TASK TO CARRY OUT:
Return, with both end lines included, exactly what the data below holds from the line with "NCERT initiative for" through the line with "Bet595 novas funcionalidades para jogadores", though not the pictures.

---- TASK MATERIAL

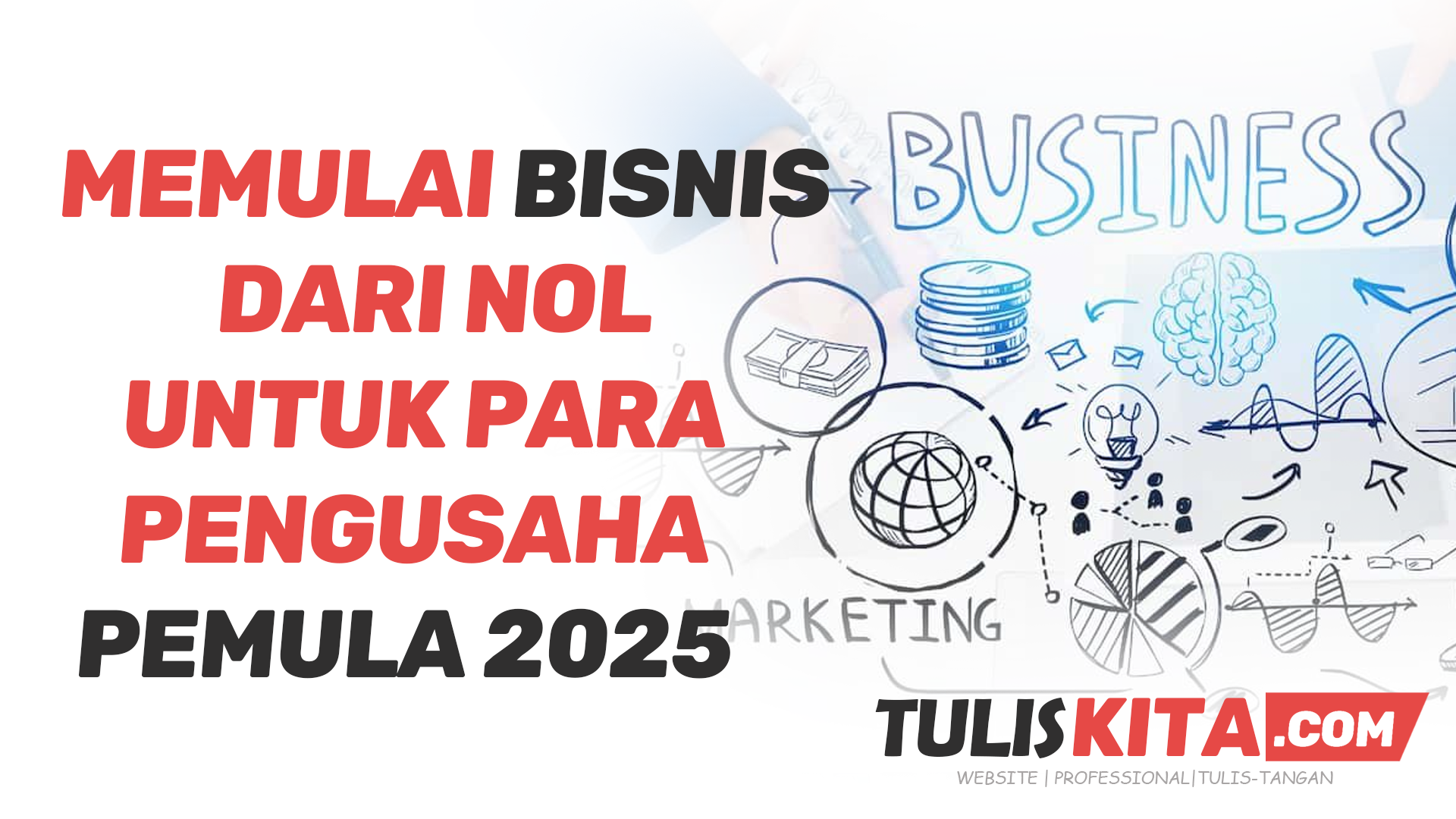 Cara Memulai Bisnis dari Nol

--------
---- TASK MATERIAL

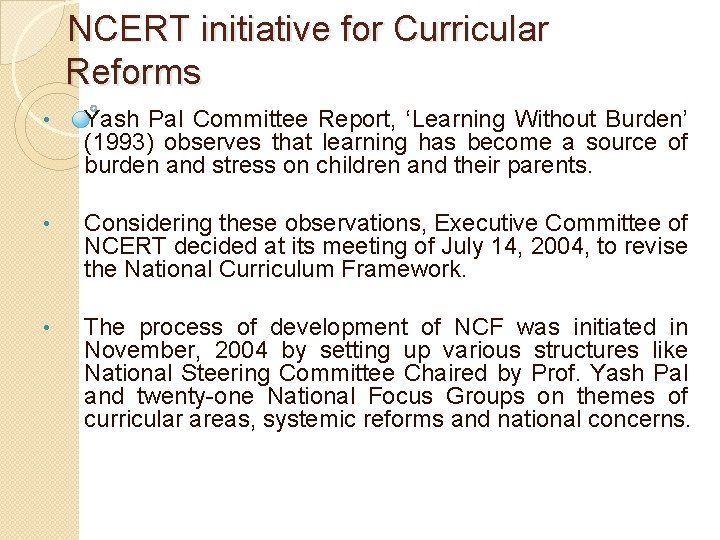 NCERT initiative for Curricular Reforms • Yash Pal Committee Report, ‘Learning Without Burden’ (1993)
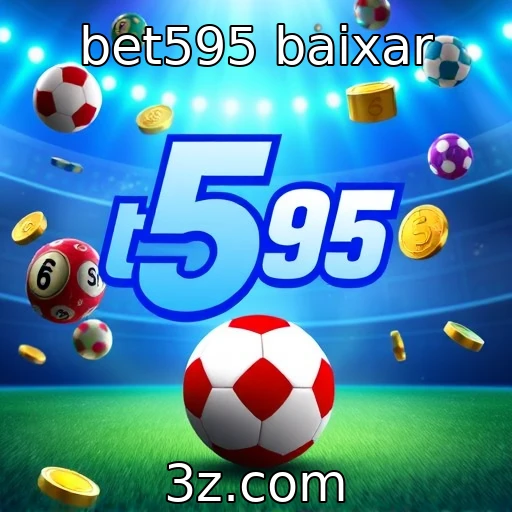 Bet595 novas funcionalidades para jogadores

--------
---- TASK MATERIAL

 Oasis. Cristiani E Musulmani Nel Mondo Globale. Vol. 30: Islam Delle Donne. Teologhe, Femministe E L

--------

TASK RESULT:
 NCERT initiative for Curricular Reforms • Yash Pal Committee Report, ‘Learning Without Burden’ (1993)
 Bet595 novas funcionalidades para jogadores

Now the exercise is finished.